= John Birch (diplomat) =

British diplomat (1935–2020)

Sir John Allan Birch (24 May 1935 – 6 May 2020) was a British diplomat who was knighted in 1993. He was Ambassador to Hungary until his retirement in 1995.

==Diplomatic career==
Birch was educated at Leighton Park School and Corpus Christi College, Cambridge. He joined the Foreign Office in 1959 and was posted as Third Secretary to Paris in 1960. Subsequently, he went as Second Secretary to Singapore in 1963, to Bucharest in 1965 as First Secretary and to the United Nations Office at Geneva in 1968. He was Head of Chancery in Kabul in 1973 before returning to London in 1976 to attend the Royal College of Defence Studies.
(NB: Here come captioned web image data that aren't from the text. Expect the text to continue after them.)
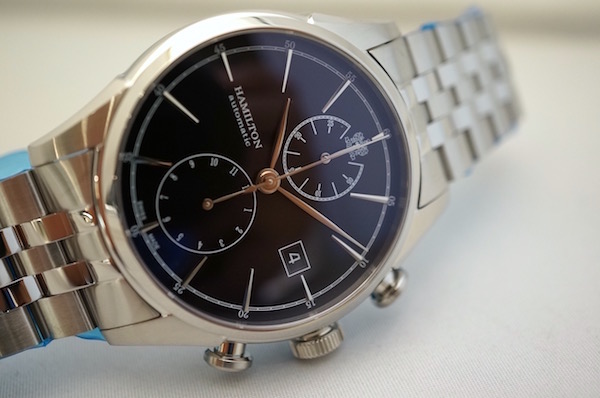 H32416131 安心なスピリットオブリバティオートクロノ黒文字盤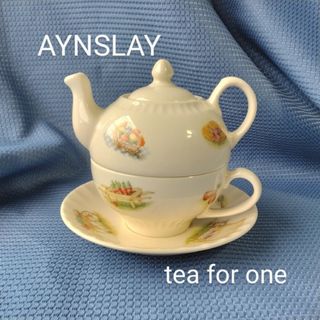 エインズレイ(Aynsley China)のエインズレイ AYNSLAY 英国製ティーフォーワン EDWARDIAN(食器)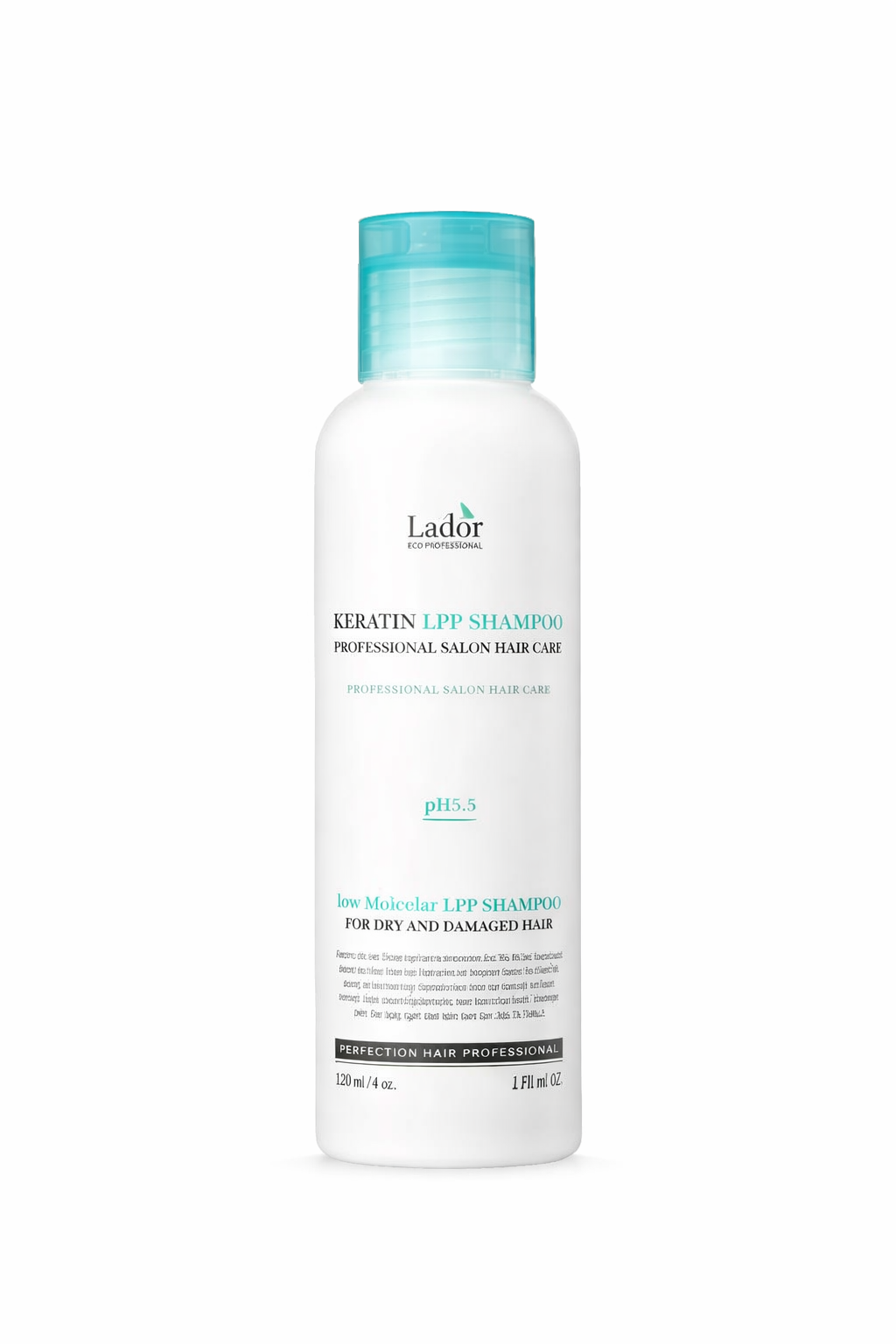 Lador Keratin LPP Shampoo for dry and damaged hair 150ml bottle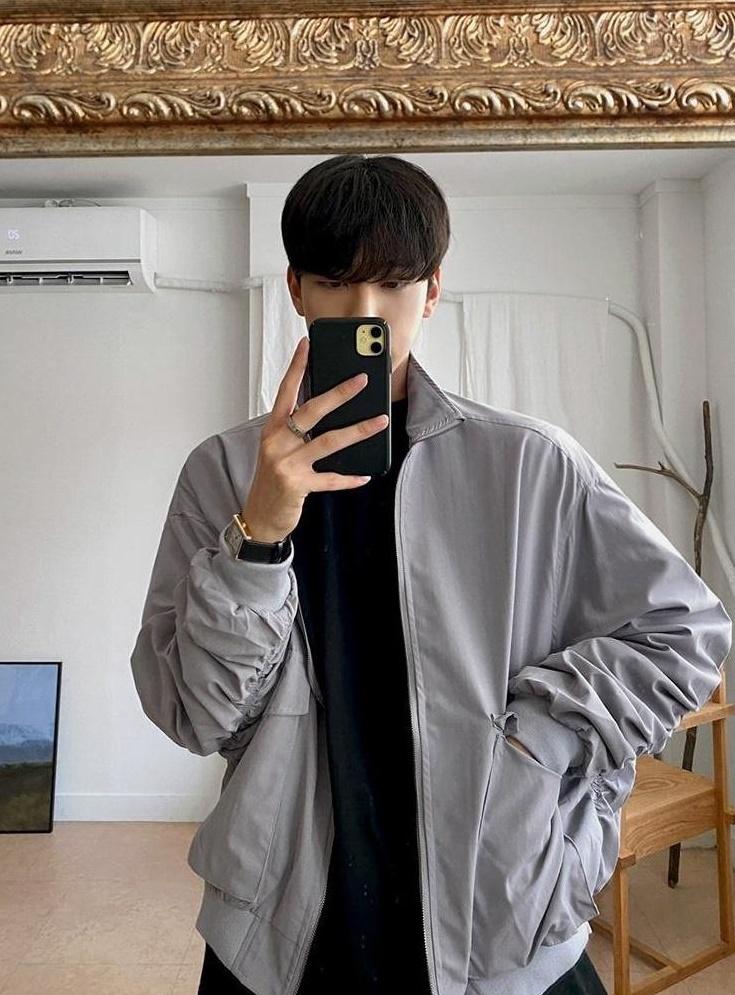 Casual Bomber Jacket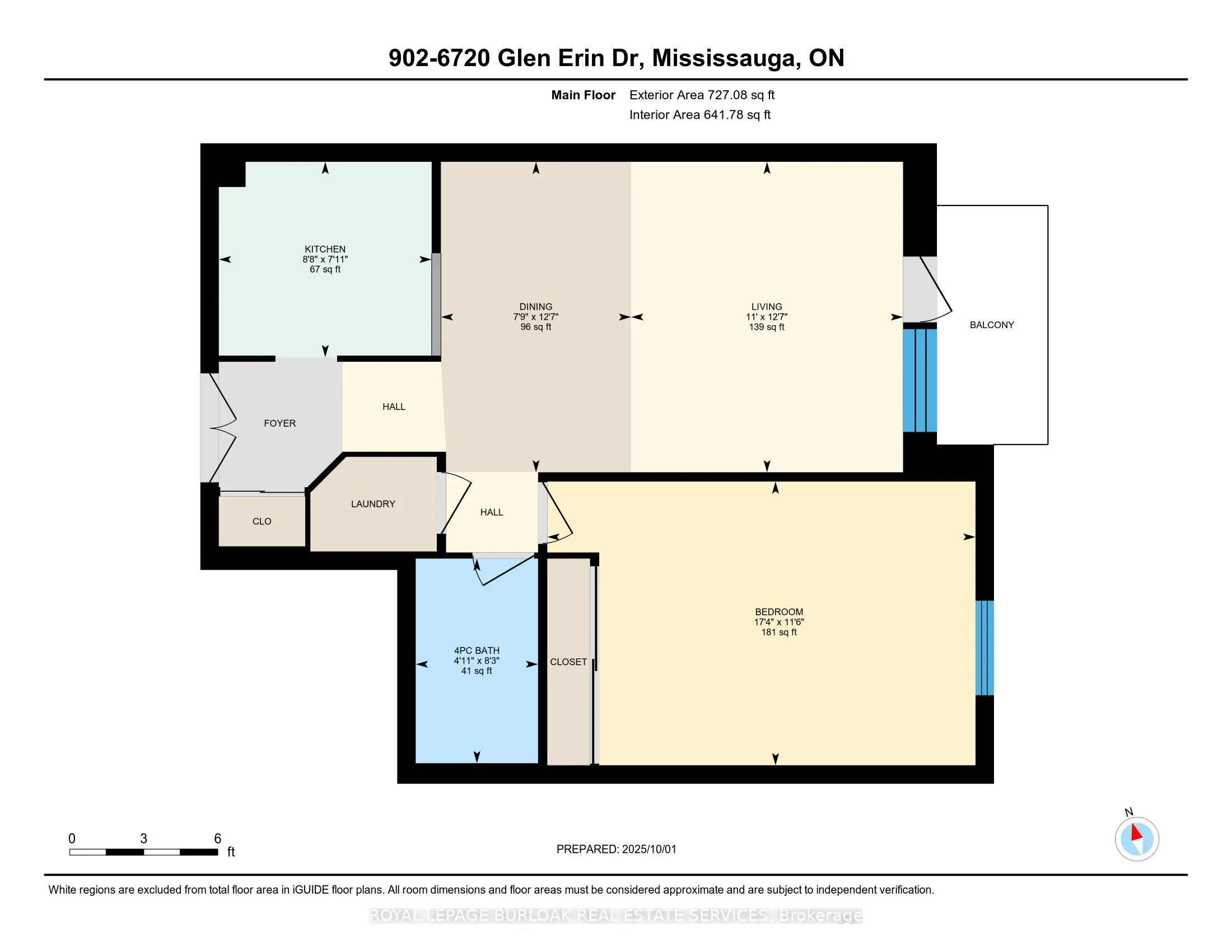 6720 Glen Erin Drive, #902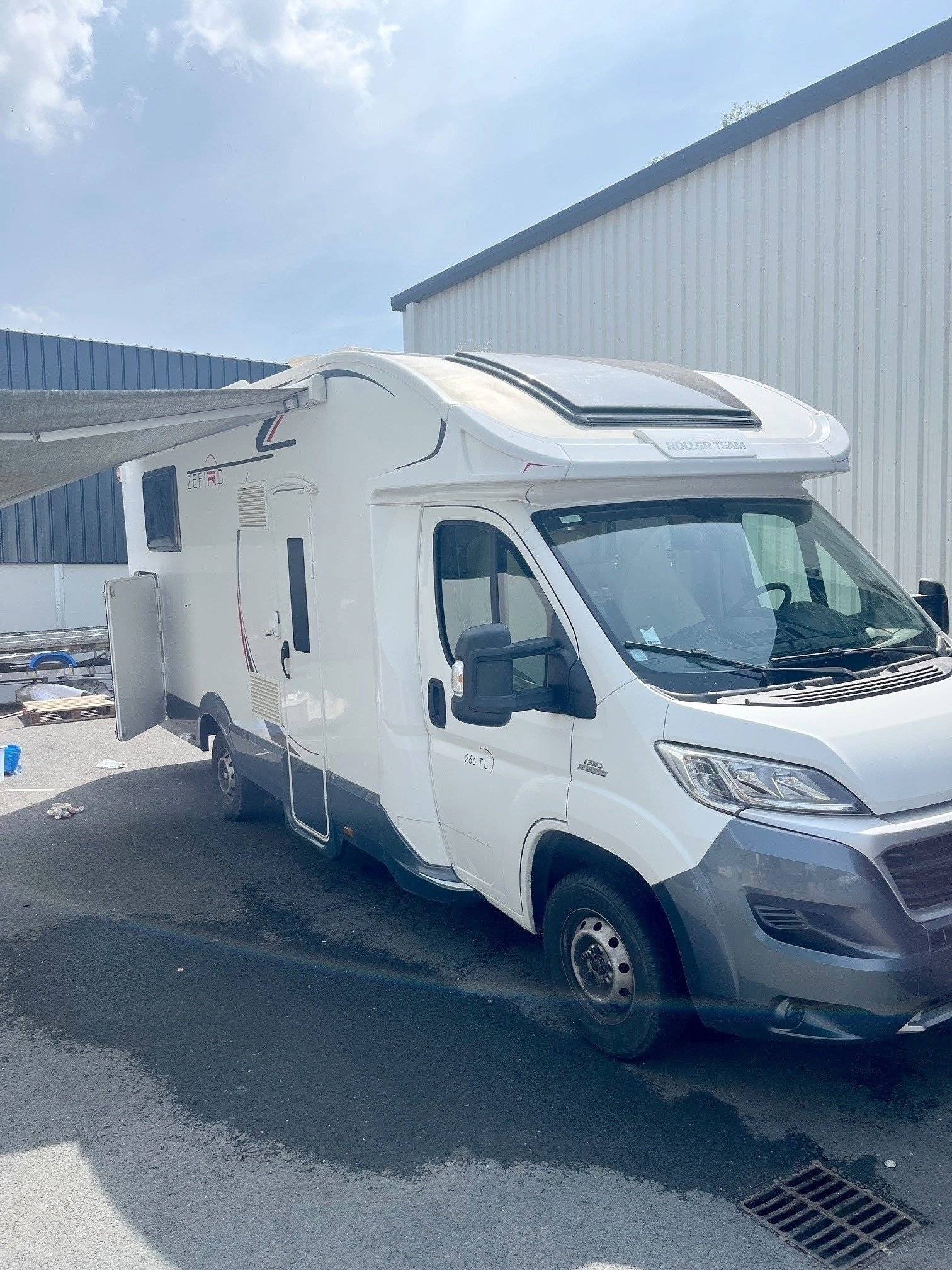 Roller Team Roller Team Zefiro 266 TL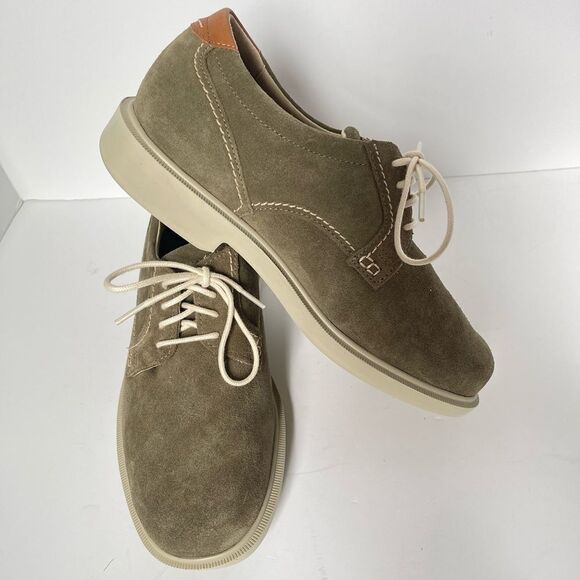 NIB SAS Ambassador Desert Sage Lace up Oxfords - Picture 2 of 9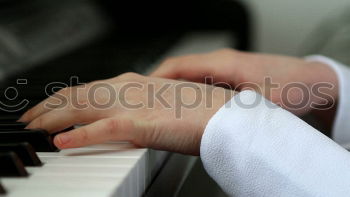 Similar – Image, Stock Photo the sound Piano Black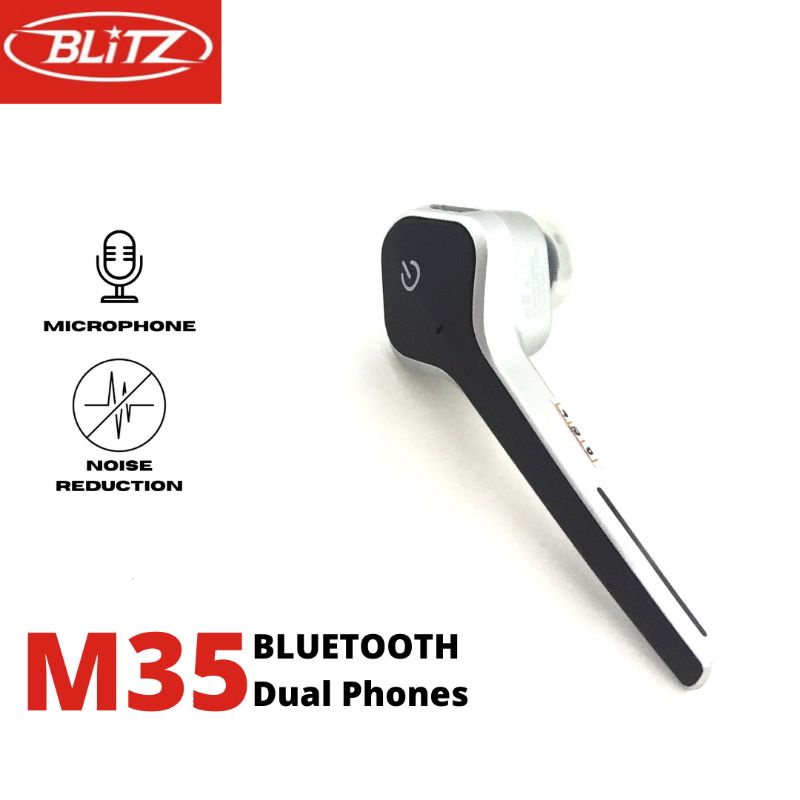 Blitz discount bluetooth earphone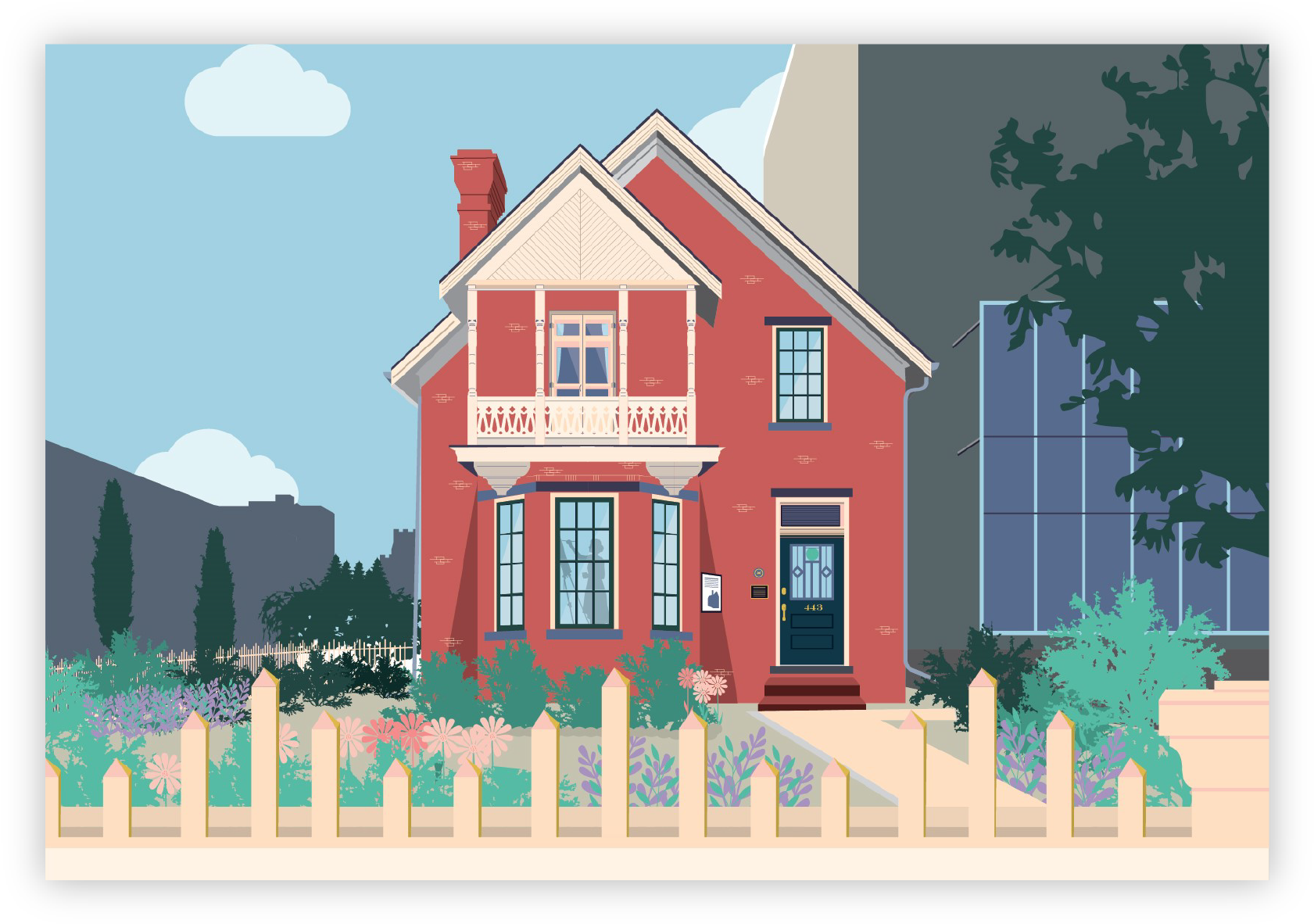 ED House illustration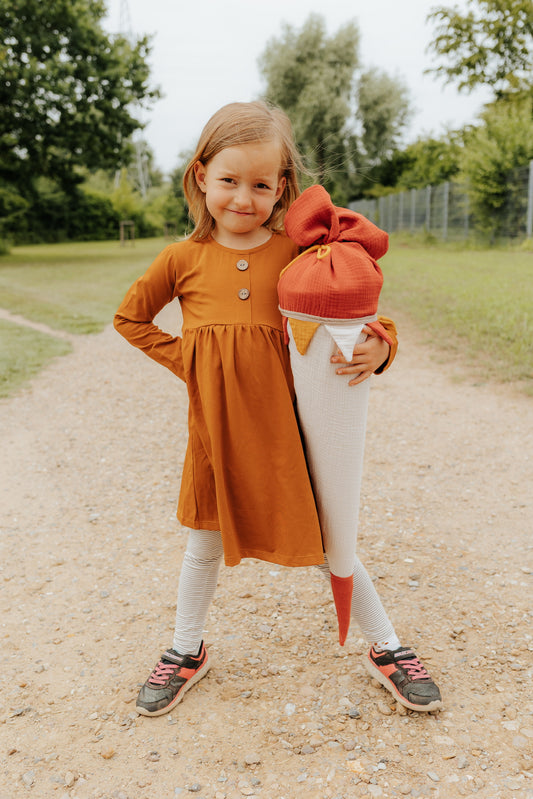 192 Jersey-Kleid - versch. Farben, uni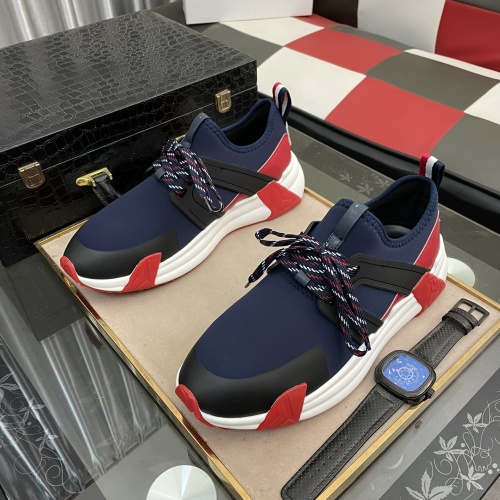 Cheap Moncler Casual Shoes For Men #1103676 Replica Wholesale [$88.00 USD] [ITEM#1103676] on Replica Moncler Casual Shoes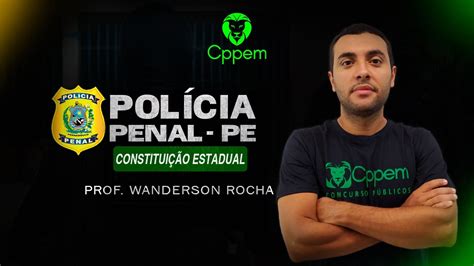 Concurso PPPE Constituição estadual II Cppem concursos públicos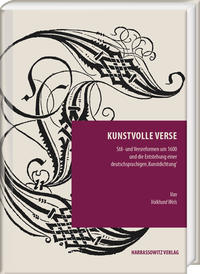 Vorderes Coverbild Kunstvolle Verse
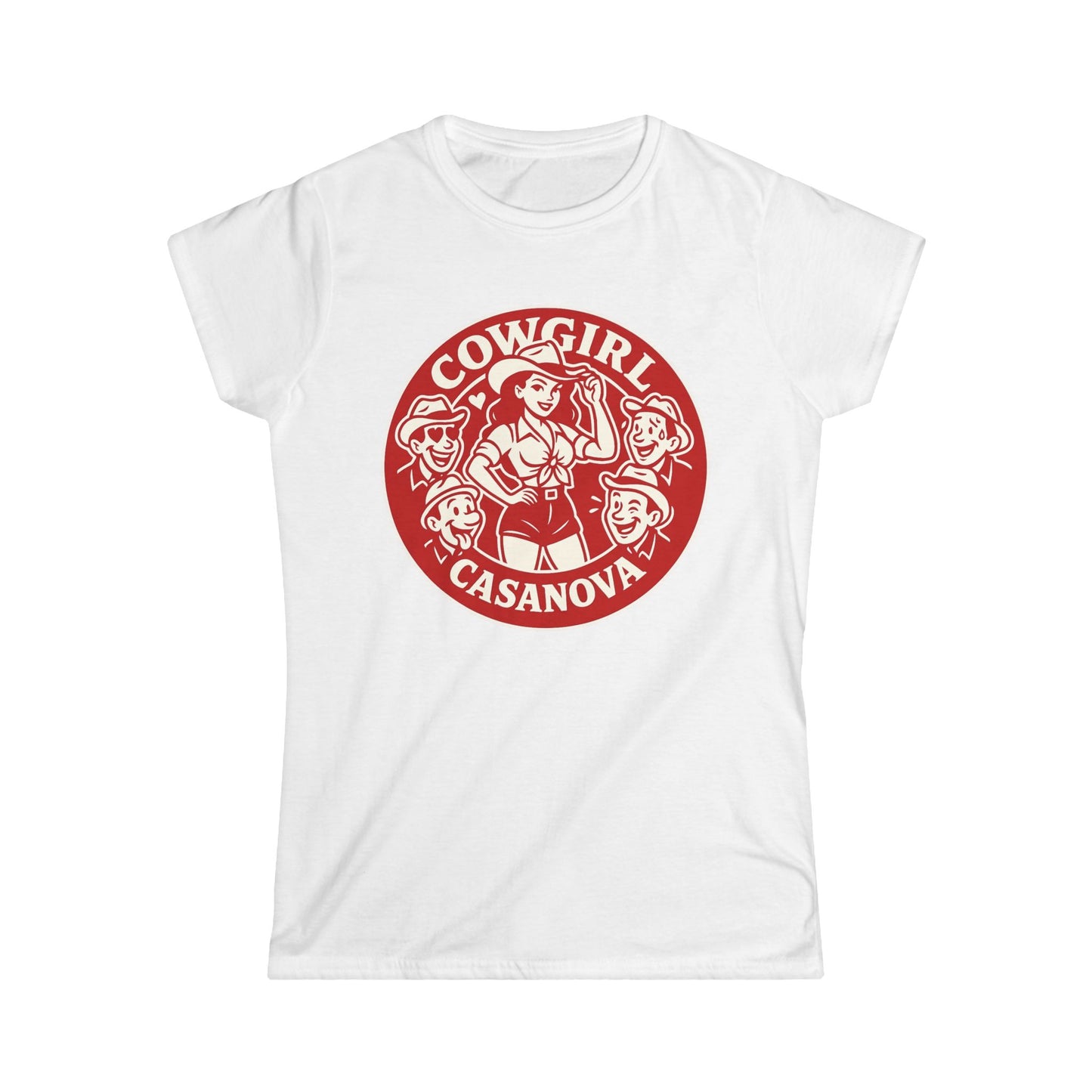 Cowgirl Casanova Tee.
He was then posted back to Geneva as Political Adviser to the UK delegation for the negotiation of a Comprehensive Nuclear Test Ban Treaty. He moved in 1980 to Budapest as Counsellor/Head of Chancery. From 1983 to 1986, he served at the FCO as Head of the Eastern European Department before being posted to New York as the UK's Deputy Permanent Representative to the UN (with the personal rank of Ambassador). In 1989, he was appointed Ambassador to Hungary. He was knighted KCVO on the occasion of Queen Elizabeth II's state visit to Hungary in May 1993.

==Post-retirement==
Birch was Director of the British Association for Central and Eastern Europe from 1995 to 2004. He was Vice–Chairman of the Council of University College London, Chairman of the Advisory Board of the School of Slavonic and East European Studies and a member of the Royal Institute of International Affairs. He was a non-executive Director of the private security firm AEGIS, having previously served on the AEGIS Advisory Council.

==Personal life and death==
Birch married Primula Clare Haselden in 1960. They had three sons (1962, 1963 and 1969) and one daughter (1967).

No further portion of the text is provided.